Naturally, the elephant in the room came up after more than 18 minutes of Q&A on different stocks besides Herbalife.
Ackman was asked by New York Times’ reporter Will Alden if he had broken even on his Herbalife short.
“Not yet. We’re on our way, though.”
The reporter then asked him what’s the break even price.
Ackman didn’t give a clear answer on that one.
“Actually, interestingly on Herbalife, we’ve certainly lost a lot of money. It was interesting, as it went up, every dollar it went up, CNBC would report Pershing Square’s lost another $US20 million or another $US100 million or whatever. But as we make money on the way down, they stop doing that reporting.”
The Herbalife Short
In December 2012, Ackman publicly declared that he was shorting $US1 billion worth of Herbalife, a multi-level marking company that sells nutritional supplements and weight loss shakes. Ackman said he thinks the company operates as a pyramid scheme that targets lower income individuals, particularly from the Hispanic population. Ackman also believes that regulators, specifically the FTC, will be induced to investigate and shut down the company.

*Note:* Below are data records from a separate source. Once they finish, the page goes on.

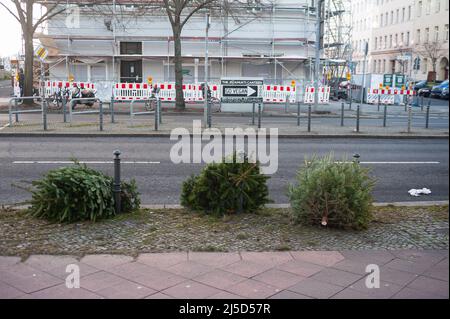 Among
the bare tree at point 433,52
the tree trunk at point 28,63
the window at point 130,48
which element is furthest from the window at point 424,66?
the tree trunk at point 28,63

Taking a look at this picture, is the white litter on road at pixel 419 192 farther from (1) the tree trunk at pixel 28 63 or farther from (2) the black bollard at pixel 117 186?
(1) the tree trunk at pixel 28 63

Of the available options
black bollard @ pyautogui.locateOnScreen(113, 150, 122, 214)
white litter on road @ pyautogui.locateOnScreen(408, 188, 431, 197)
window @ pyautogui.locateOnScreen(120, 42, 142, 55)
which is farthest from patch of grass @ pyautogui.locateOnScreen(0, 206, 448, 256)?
window @ pyautogui.locateOnScreen(120, 42, 142, 55)

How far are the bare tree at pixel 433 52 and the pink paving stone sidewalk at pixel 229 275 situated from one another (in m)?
55.7

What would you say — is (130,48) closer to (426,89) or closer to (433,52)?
(426,89)

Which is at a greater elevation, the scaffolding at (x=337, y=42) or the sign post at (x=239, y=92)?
the scaffolding at (x=337, y=42)

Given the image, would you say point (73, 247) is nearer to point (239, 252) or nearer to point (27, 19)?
point (239, 252)

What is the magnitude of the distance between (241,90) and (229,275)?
68.3 ft

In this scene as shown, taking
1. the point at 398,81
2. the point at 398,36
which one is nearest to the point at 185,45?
the point at 398,81

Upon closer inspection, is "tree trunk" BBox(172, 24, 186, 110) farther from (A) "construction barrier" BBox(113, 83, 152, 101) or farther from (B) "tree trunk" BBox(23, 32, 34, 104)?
(B) "tree trunk" BBox(23, 32, 34, 104)

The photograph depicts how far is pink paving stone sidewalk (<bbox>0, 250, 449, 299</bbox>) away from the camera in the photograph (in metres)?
4.41

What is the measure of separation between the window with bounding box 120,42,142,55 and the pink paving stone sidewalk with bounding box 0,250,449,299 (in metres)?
33.8

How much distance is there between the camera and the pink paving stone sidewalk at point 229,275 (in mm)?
4410

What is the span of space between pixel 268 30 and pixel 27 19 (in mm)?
17013

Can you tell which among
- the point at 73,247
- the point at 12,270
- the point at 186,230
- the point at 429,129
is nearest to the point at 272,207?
the point at 186,230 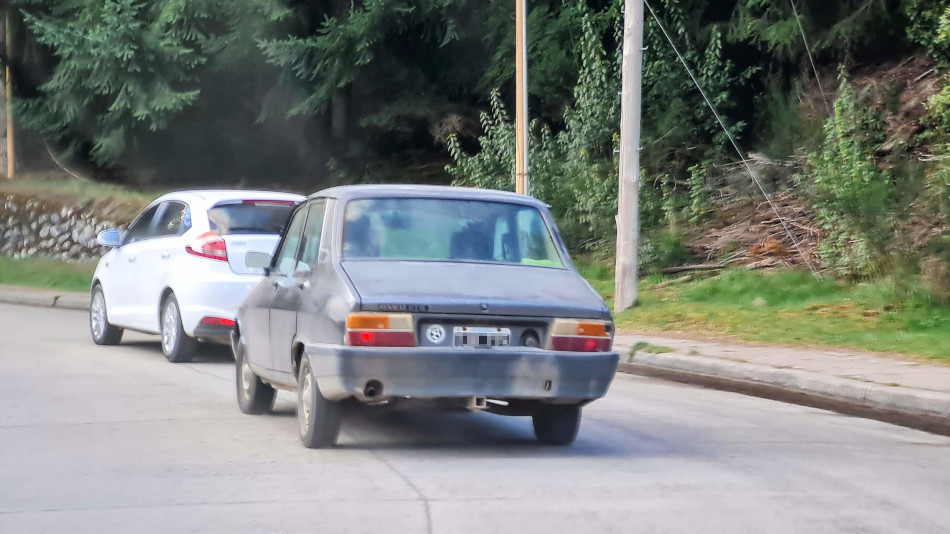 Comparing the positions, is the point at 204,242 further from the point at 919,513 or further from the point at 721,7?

The company then became the center of an epic clash of hedge fund titans. Shortly after Ackman’s presentation, Ackman’s long-time rival Carl Icahn piled on by snapping up a massive long position. Icahn, who has made hundreds of millions on his position, has said that Ackman will be the victim of “the mother of all short squeezes.” A number of other fund managers have gone long the stock, too.
Right after Ackman revealed his short, Herbalife shares collapsed. Once other fund managers started going long, the stock surged throughout the next year resulting in hundreds of millions in paper losses for Ackman’s Pershing Square Capital.

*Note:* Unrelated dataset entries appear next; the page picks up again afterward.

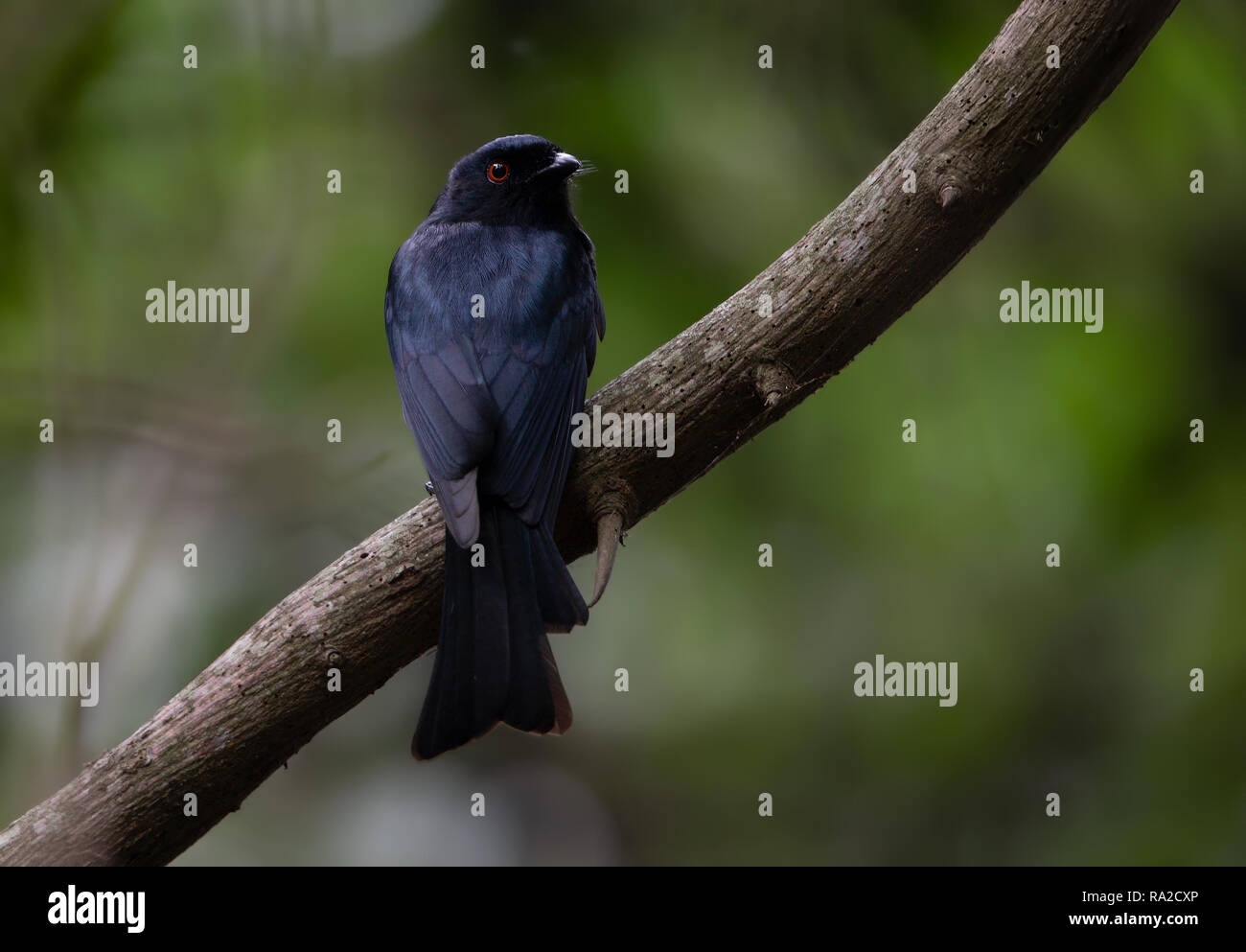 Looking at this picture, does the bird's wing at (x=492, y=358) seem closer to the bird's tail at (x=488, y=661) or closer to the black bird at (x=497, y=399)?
the black bird at (x=497, y=399)

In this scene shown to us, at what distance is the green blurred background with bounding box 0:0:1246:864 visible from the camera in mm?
5047

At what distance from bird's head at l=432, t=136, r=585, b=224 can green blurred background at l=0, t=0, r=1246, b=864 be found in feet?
2.41

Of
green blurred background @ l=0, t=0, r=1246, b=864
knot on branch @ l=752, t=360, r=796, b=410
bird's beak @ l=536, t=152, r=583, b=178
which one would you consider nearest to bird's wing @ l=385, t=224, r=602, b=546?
bird's beak @ l=536, t=152, r=583, b=178

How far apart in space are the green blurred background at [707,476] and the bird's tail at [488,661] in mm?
1920

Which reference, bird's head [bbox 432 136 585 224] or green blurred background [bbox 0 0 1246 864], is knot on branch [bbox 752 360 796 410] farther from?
green blurred background [bbox 0 0 1246 864]

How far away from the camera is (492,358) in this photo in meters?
3.76

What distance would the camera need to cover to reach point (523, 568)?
133 inches

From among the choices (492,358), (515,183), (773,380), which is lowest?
(773,380)

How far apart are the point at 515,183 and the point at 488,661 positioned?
193 centimetres

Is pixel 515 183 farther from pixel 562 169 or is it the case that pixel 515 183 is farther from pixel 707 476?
pixel 707 476

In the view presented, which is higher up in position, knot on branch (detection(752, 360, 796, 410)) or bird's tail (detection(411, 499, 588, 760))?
knot on branch (detection(752, 360, 796, 410))

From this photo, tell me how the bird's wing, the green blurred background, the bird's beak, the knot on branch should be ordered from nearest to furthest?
the knot on branch
the bird's wing
the bird's beak
the green blurred background

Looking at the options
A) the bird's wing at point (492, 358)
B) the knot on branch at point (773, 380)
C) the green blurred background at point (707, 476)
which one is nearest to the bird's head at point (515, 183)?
the bird's wing at point (492, 358)

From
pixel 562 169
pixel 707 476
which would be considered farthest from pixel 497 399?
pixel 707 476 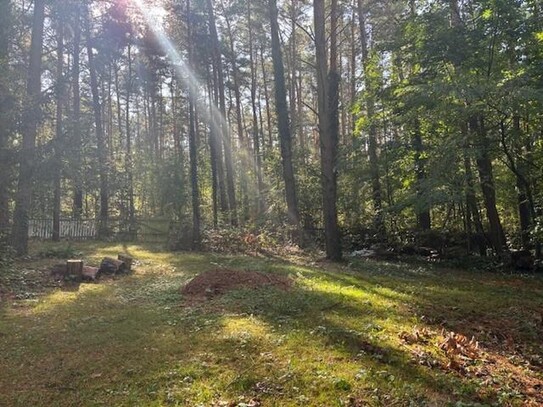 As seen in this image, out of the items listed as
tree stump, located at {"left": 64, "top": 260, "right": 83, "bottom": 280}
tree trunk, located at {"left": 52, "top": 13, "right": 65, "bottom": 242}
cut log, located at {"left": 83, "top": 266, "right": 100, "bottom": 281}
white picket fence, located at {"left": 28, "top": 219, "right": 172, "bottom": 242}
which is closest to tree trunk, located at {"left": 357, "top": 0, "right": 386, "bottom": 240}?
white picket fence, located at {"left": 28, "top": 219, "right": 172, "bottom": 242}

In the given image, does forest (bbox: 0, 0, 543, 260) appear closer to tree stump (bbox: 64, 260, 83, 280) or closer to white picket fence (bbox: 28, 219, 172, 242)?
white picket fence (bbox: 28, 219, 172, 242)

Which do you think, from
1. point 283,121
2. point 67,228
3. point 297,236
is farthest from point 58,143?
point 297,236

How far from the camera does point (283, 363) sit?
5.25 metres

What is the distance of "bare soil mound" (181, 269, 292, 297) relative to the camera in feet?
29.2

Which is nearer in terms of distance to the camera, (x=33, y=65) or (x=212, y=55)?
(x=33, y=65)

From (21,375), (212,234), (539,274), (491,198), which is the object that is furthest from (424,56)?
(21,375)

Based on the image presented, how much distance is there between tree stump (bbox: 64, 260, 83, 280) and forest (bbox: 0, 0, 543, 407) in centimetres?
5

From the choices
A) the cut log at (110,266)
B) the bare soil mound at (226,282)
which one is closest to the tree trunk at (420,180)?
the bare soil mound at (226,282)

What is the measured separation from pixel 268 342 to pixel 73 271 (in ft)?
20.8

Last October, Ackman said in a letter to investors that he repositioned his $US1 billion short by swapping more than 40 per cent of the equity short position for put options in an effort to reduce risk. He also continued to reiterate that he would take this short “to the end of the earth.”
Ackman said Wednesday that the way he’s positioned now with Herbalife he will be able to make more money.

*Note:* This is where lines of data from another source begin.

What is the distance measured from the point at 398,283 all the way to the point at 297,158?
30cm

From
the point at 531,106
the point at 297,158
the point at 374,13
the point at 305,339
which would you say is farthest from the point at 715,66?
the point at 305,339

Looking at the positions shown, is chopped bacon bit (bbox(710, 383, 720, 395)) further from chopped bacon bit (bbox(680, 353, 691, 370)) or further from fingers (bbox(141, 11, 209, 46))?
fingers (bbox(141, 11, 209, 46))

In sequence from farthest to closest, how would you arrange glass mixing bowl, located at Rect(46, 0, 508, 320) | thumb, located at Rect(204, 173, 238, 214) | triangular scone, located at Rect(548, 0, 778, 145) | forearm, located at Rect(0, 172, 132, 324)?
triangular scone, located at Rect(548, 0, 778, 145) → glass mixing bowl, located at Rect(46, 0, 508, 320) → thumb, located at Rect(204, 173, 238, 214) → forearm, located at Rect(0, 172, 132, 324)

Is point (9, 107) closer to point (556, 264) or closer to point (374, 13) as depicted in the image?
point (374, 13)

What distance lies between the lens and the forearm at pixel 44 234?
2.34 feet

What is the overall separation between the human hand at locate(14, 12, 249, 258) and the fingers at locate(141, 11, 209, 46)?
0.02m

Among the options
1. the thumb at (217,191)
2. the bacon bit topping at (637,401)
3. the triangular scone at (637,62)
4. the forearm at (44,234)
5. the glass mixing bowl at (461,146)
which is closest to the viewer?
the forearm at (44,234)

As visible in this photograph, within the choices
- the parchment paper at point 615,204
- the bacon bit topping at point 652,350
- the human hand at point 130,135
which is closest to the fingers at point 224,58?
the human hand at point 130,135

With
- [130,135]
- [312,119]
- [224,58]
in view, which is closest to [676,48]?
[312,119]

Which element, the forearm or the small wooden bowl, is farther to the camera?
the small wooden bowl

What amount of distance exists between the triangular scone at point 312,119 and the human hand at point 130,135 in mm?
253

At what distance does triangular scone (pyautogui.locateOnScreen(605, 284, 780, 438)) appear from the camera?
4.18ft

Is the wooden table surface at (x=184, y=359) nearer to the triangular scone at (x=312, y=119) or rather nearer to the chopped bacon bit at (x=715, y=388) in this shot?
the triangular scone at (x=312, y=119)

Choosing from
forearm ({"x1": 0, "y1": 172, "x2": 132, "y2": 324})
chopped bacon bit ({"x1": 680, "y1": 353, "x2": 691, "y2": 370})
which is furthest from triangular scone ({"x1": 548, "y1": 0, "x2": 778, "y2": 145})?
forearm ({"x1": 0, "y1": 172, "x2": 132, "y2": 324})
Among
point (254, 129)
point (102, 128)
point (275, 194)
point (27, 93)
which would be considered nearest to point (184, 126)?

“We didn’t simply transform our position from being short. We actually now have a much larger position notionally than we had initially. So if it were to disappear tomorrow, we’d make a lot more than had it just blown up the day after I gave my last presentation. Although, life would be a little easier. But we’re probably better off. In the investment business, the best way to make money sometimes if you have an investment against you…if you can…stay the course and structure yourself in a way you can benefit from a move in the stock price you can do better than you would have done.”
By repositioning what Ackman did was pare back his short exposure. He also structured options in a way that gives him higher “notional” exposure.
To put that in trader terms, say you’re trading the Non-Farm Payrolls number — one of the most important economic data points that comes out on the first Friday of every month. For the NFP, you might take $US20-30 million in “notional” exposure. However, as a trader, you might really only have between $US50-100K in risk.
Gotta love those derivatives.
Born To Run
Ackman co-chairs the annual Harbor Investment Conference with UBS private wealth management managing director Mark Axelowtiz. who is also an actor in shows like “Law & Order” and “Boardwalk Empire”.
The money raised from the event goes to the Boys & Girls Harbor, a 77-year-old non-profit that provides educational and performing arts programs to children and their families in East Harlem.
When Ackman took the stage, his “theme song” that played was Bruce Springsteen’s “Born To Run.”